They must eat, sleep, work, watch their back, find support, find the good guys, create alliances, establish boundaries, conquer ground, address the populous, etc.
If that ain't a system of some sort not sure what is. :D
That doesn't mean there's not some difference in how one is to approach said systems. It is simply to identify that their still the same just trying to use a little tech to help think about them.
Whats the difference between a tape or CD, how about VHS or DVD,
Standard res / HD Its about clarity of perception and understanding not different answers. Hopefully better answers to the same questions.
I'm sure that didn't help:wry: but Oh well I tried
Without answering your first part
;)
Quote:
Originally Posted by
wm
Systems thinking usually seems to arise when one is feeling resource constrained. In other words, if you can't rain down tons of steel on your opponent in a rather indiscriminate fashion, you have to be selective about what you target. Since you have to be selective, you want to make every shot count. Rome'e enemies tried to capture the legions' eagles as a way of breaking the legionnaires' will to fight. Modern systems thinking looks at what might achieve the equivalent "biggest" bang for the buck. That, at least, is the theory. But I am not sure that the theory has ever been mapped successfully to practice (in modern warfare at least). From what I've read, "surgical" strikes against Iraqi C2 facilities, e.g., didn't really break the will of the Iraqi Army in OIF I.
Of course some smart guy will tell me that this is not a failure of the systems approach. Rather, we failed to correctly identify the right or critical node in the system which was the Iraqi Armed Forces, Al-Qaeda in Iraq or whomever. I hope this reminds you of the kinds of responses you hear from conspiracy theorists when they are presented with evidence that is meant to disprove their hypotheses about the world takeover conspiracies of the Illuminati, the KGB, the Knights Templar, etc. ;)

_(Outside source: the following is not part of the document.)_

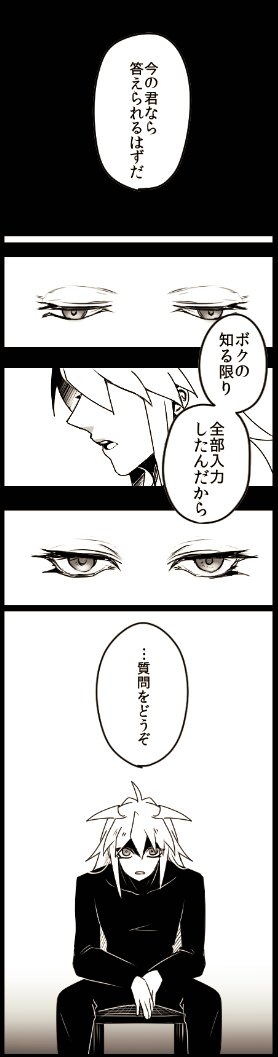 【YGO】設定とか細かいこたぁいいんだよな完全に雰囲気次元のバク+主漫画①。普段の♀化テンションと違って暗いです。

I don't think it takes all that smart a guy to figure out that if your right hand doesn't know what your left hands doing and your feet have decided to sit it out things might not go very well. CO-CO-COmmunication
That might also help to explain
Quote:
Originally Posted by
Steve Blair
I suspect that this is a reasonable assumption. The AF is seriously tech-centric, and EBO is focused almost totally on technology. EBO can also be packaged as conflict on the cheap, which is something the AF has been pushing since the end of World War II. I'd also think that it channels a great deal of Warden's thinking.
Not saying that this was planned, but more a matter of like minds finding like theories and latching on.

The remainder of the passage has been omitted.